Elia est le fils d'un puissant trafiquant de drogue, le très influent Enoa Ballade. On ne sait que peu de choses du jeune garçon de quinze ans, si ce n'est qu'il a été élevé dans un milieu riche et qu'il n'a jamais vu son père. Il est protégé par le robot de combat Chérubin, qui, comme nous le voyons dans le prologue de l'oeuvre, appartenait déjà à Enoa lorsqu'à quinze ans, il traçait son destin en assassinant son propre père lors de leur première rencontre.
Dans les premiers chapitres, Elia est un gamin pas très débrouillard, qui réussit par hasard à échapper à son propre kidnapping, alors que sa mère et sa soeur se font enlever. Vivant seul avec Chérubin qui le protège, il se fera vite prendre en otage par un groupe de terroristes recherchés par plusieurs instances militaires. Cela sera son premier contact avec le monde difficile dans lequel il vit, à travers le combat, la violence, la mort, le meurtre... Très vite, le jeune garçon laissera tomber ses espoirs d'un monde où tout le monde vivrait heureux, et commencera à tuer pour protéger ceux qu'il aime. Et ce n'est qu'à cet instant qu'il deviendra un vrai homme, capable d'affronter la réalité seul.

Tout au long du manga, on voit Elia se rapprocher de l'image de son père, où celle qu'on peut avoir de lui. Tel un dieu, Enoa Ballade est à la fois le point de départ et le but que semble inconsciemment poursuivre le jeune garçon. Ici, vivre veut dire accepter le monde tel qu'il est et se battre pour survivre, de manière totalement égoïste. Parmi les personnages principaux, ceux qui survivent sont ceux qui sont les moins humains, et ceux qui meurent sont donc les plus attachants, mais aussi les plus faibles. Quel est l'intérêt de la survie si tout ce que l'on a d'humain en nous doit mourir ? Qui doit-on préférer entre celui qui vit avec un corps mécanique et celui qui a tué tous ses sentiments pour n'être plus qu'un robot sans âme propre ?

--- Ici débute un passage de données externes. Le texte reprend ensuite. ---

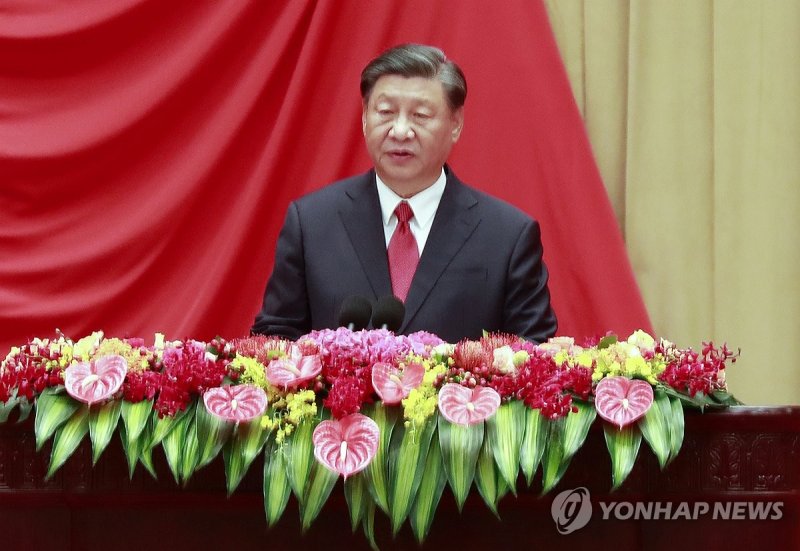 시진핑 중국 국가 주석이 9월 28일 오후 중국 베이징 인민대회당에서 열린 국경절 리셉션에서 인사말을 하고 있다. 사진=연합뉴스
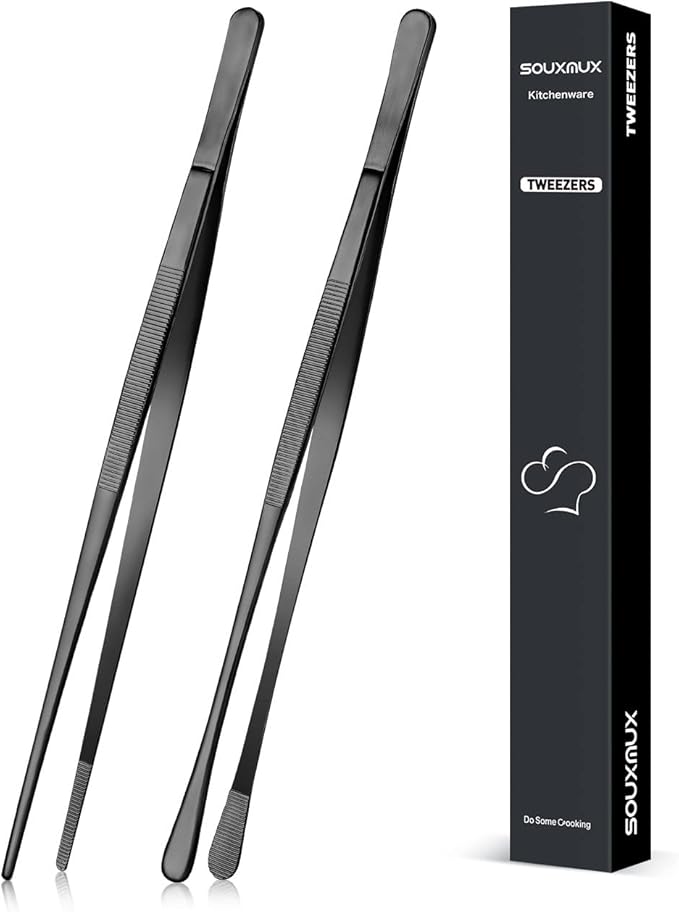 2 Pcs 10-inch Cooking Tweezers Tongs Precision Serrated Tips, Stainless Steel Professional Chef Tweezer Kitchen Tools for BBQ, Plating and Serving (Black)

Eden révolutionne donc le manga de science-fiction, en reprenant les bases du genre et en les incorporant à un monde propre à l'auteur et à des thèmes déjà développés (sans jamais atteindre un tel niveau de réussite) dans ses nouvelles. Non seulement élargit-il son champ de réflexion, mais en plus il offre au lecteur une oeuvre soignée, très bien équilibrée malgré le foisonnement de personnages et d'embranchements de différents scénarios. Les dessins sont sublimes, les visages très expressifs, et les cyborgs font parfois penser au Tetsuo de Tsukamoto (mélange parfaitement repoussant de chair et de métal), mais sont toujours incroyablement détaillés. Eden est un manga "pour lecteurs avertis", et mérite bien cette appellation. Outre certaines scènes de sexe, beaucoup d'images assez violentes agrémentent l'oeuvre, et sont encore plus fortes placées dans leur contexte.

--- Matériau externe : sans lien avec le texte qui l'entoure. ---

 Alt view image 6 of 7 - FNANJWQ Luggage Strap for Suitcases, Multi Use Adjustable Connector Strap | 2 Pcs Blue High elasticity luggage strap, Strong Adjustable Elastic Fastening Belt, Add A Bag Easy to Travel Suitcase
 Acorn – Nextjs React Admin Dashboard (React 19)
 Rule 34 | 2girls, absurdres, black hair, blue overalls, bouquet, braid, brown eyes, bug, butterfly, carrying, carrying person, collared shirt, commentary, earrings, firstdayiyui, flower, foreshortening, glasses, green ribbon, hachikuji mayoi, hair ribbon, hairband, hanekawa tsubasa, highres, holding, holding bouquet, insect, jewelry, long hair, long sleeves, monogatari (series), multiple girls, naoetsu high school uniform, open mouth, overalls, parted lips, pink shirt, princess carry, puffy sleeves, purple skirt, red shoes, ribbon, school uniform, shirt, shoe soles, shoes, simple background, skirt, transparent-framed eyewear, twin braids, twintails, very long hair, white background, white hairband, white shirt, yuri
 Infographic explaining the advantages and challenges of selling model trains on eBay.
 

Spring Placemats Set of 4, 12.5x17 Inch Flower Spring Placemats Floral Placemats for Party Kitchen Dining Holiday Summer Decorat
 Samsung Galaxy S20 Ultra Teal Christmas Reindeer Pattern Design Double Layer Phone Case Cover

Voilà par ailleurs ce que l'on pourrait reprocher à Hiroki Endo. L'auteur semble prendre un malin plaisir à torturer ses héros et à les tuer de manières absolument sadiques. Je veux bien comprendre qu'il s'agisse d'une manière d'illustrer les propos tenus, mais pense aussi qu'il ne s'agit que d'une manière de justifier un certain sensationnalisme gratuit. Néanmoins, cela donne une force assez étonnante à l'oeuvre, et la rend clairement atypique. Ce n'est pas le cas du pessimisme ambiant qui règne tout au long de l'histoire. A chaque volume, il faut entendre se répéter une fois ou deux des phrases du genre "Dieu aurait mieux fait de tous nous tuer" ou "L'homme est le seul être à polluer la planète". Il ne s'agit pas ici d'être ou ne pas être d'accord avec cette vision défaitiste des choses, mais de comprendre qu'en se répétant ainsi, l'auteur alourdit inutilement son oeuvre en essayant de "convaincre" le lecteur au lieu de le laisser former sa propre opinion, perdant ainsi beaucoup de crédibilité.